憎い相手が痛い目を見た時、ちょうどこんな表情になるだろうか。
「あら? ずいぶんと愉快そうな顔ですのね」
「そうかい? まあ、そうなんだろうな。あの女、変な言いがかりつけてしょ――……ああ、そう、変な言いがかりつけてあたいに食ってかかって来やがってさ」
今、先坂先輩が何か言いかけて飲み込んだ。文脈的に人の名前が続きそうな雰囲気だったと思う。
「挙句の果てには平手までくれたんだぜ? もう馬鹿らしくて鼻で笑って無視してやったけどな。そん時のあいつの惨めな顔は傑作だったぜ。後になってやっぱ殴っとくべきだったか持って思ったけど、死んじまったんなら別にいいや」
静先輩の言う通り、向坂先輩は愉快そうに、愉快でたまらないというような感じで、奥山宏美の死を嘲笑った。その姿に、僕は背筋がゾクリとなる。
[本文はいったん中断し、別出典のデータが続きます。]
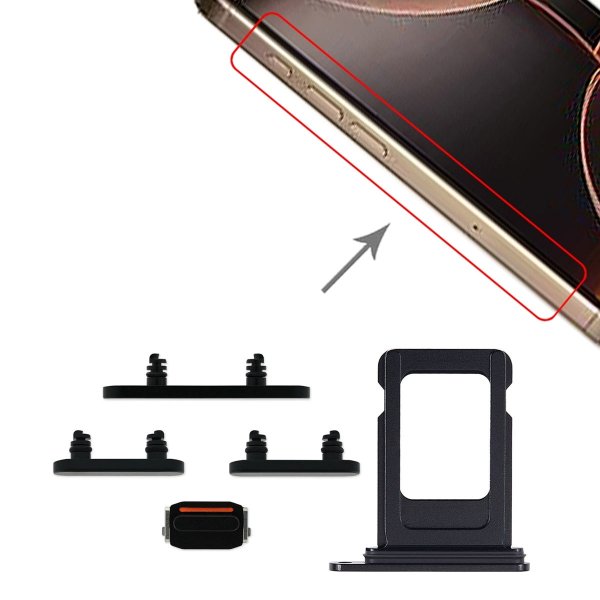 Knappar och Simkorthållare för iPhone 15 och 15 Plus - Svart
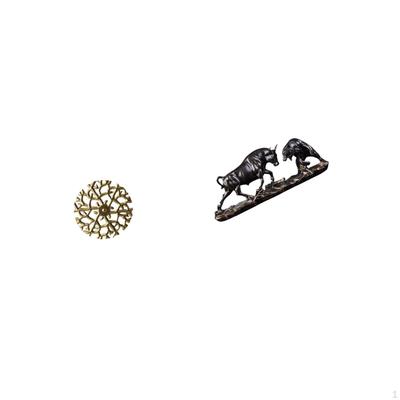 Rustic Scenic Metal Wall Art Sculpture with Wrought And Bear Figurine Modern Chinese Cattle Animal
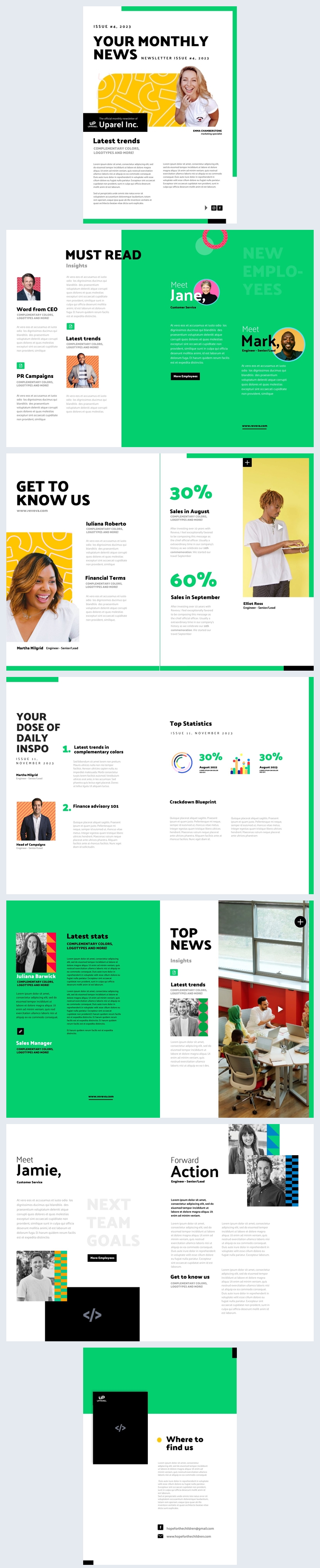 Exemplo de Design de Newsletter de Negócios para Funcionários Interativa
「そっかそっか死んだか。うん、いいね。こう言っちゃなんだが、うん、手間が省けた」
「え?」
向坂先輩の言葉に、僕は思わず声を出す。すると、向坂先輩の視線が僕の方へ向き、わずかに目を見張ったような気がした。
まるで、今になってようやく僕の存在に気がついたみたいだった。
「朝霧、あんたの隣にいるのは誰だ?」
「私の後輩ですわ。シロ君、といいますの」
「シロ? なんか白を連想させる名前だねぇ。まあ、それはそれでありなのかもしれないけど」
じろじろと無遠慮に僕を上から下まで睨め付け、向坂先輩はふんと鼻を鳴らした。
どうにも不思議な感じだ。見られているのに見られていないというか、なんと言えばいいのだろう。
「あんまりこの件に深入りしない方が身の為だと思うぜ? お二人さん」
向坂先輩は静先輩にに向けてそんな脅迫めいた忠告をしてきた。途端、終始黙っていたクロがチリンと鈴を鳴らして首を傾げた。
彼女の後姿しか僕は見えないが、どうやらじっと向坂先輩を観察しているようだ。何か興味を引かれたのだろうか。
「さて、もう用はないよな? じゃあ、あたいは失礼するぜ」
ひらひらと手を振って、向坂先輩は歩き去る。
予定外ではあったが、捜すのにもっとも手間取るであろう人物と出会えたのは幸運だった。静先輩も一緒にいた事で必要以上の情報が手に入り、大きな収穫と言えるだろう。
「さて、私たちも参りましょうか。図書室はもうすぐそこですわ」
「そうですね」
僕は形が崩れかけてきた書類の束を持ち直し、少し進んだところで制服が引っ張られる感覚に足を止めた。
「シロ君?」
「あ、すいません。っと、クロ? どうしたんだ? 行くよ」
僕はいつの間にか制服の裾を掴んでいたクロに声をかけるが、彼女はじっと先坂先輩の歩き去った方へ目を向けたまま返事をしない。小さく嘆息しつつ、僕は再度呼びかけようとして、
「シズカ」
振り返らずに発せられたクロの言葉に、自分の声を飲み込んだ。
「何ですの?」
シズカ先輩が首を傾げてクロに答える。
クロはようやくゆっくりとこちらに振り返り、
「あの人間、面白い。すごく、面白い」
何か驚いたような表情のまま、嬉しそうな弾んだ声でそう言った。
僕もあまり見たことが無い類の表情だった。興奮している状態、なのだろうか。
「そうですの? 確かに普通の方とは違いますけれど……」
「に。絶対面白い。絶対」
そう言うと、クロは僕の制服から手を離してスキップするように廊下を進み始めた。チリンチリンと持ち主の感情を表すように、首元の銀鈴が音を奏でる。
僕と静先輩は顔を見合わせ、二人そろって首を傾げた。